◆ Data block
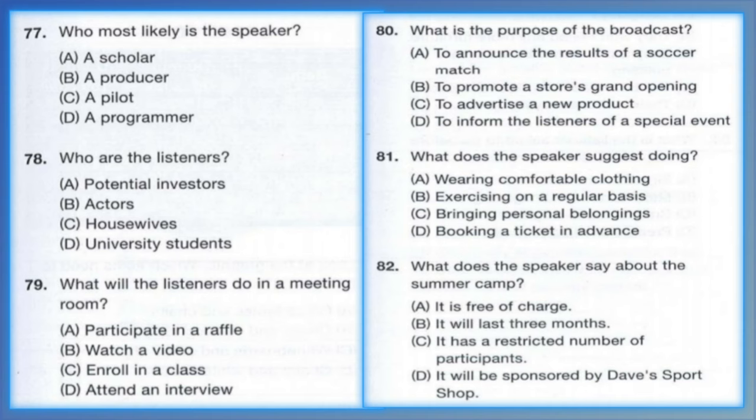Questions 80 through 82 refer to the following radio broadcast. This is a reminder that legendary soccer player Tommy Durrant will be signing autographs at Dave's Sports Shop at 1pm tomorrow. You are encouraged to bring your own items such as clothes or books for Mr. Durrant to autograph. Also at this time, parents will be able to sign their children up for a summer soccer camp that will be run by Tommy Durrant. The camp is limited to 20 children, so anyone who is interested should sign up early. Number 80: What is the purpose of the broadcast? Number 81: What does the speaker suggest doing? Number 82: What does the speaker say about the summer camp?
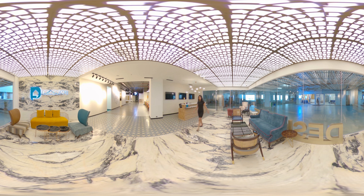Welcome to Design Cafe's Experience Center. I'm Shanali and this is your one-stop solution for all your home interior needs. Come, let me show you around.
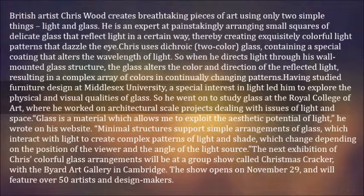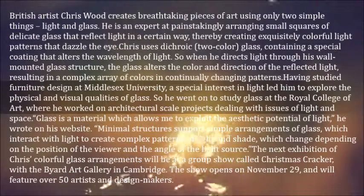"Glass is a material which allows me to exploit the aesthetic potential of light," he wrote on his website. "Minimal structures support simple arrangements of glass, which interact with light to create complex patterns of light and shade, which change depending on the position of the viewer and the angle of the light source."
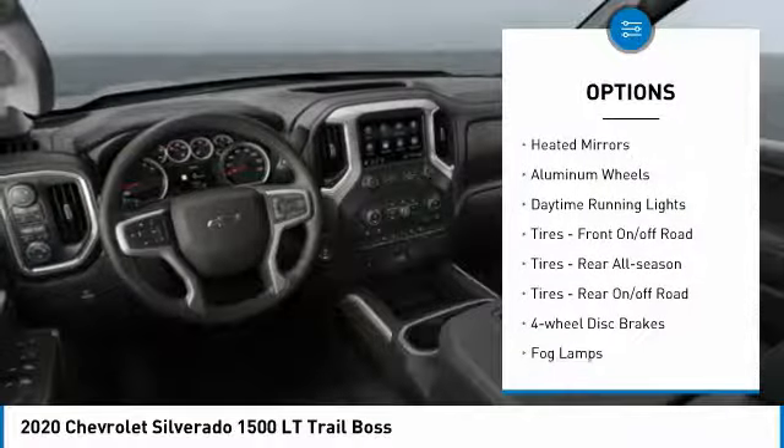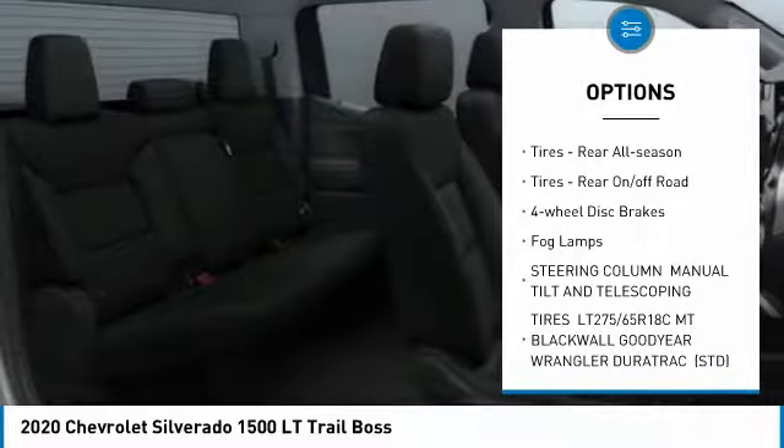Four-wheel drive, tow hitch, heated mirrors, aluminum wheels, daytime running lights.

◆ Work order
Nothing but the lines from the first line of the listing above to the line containing "Welcome to Design" should appear in the answer, each one exact and with no pictures.

◆ Solution to this task
Questions 80 through 82 refer to the following radio broadcast. This is a reminder that legendary soccer player Tommy Durrant will be signing autographs at Dave's Sports Shop at 1pm tomorrow. You are encouraged to bring your own items such as clothes or books for Mr. Durrant to autograph. Also at this time, parents will be able to sign their children up for a summer soccer camp that will be run by Tommy Durrant. The camp is limited to 20 children, so anyone who is interested should sign up early. Number 80: What is the purpose of the broadcast? Number 81: What does the speaker suggest doing? Number 82: What does the speaker say about the summer camp?
Welcome to Design Cafe's Experience Center. I'm Shanali and this is your one-stop solution for all your home interior needs. Come, let me show you around.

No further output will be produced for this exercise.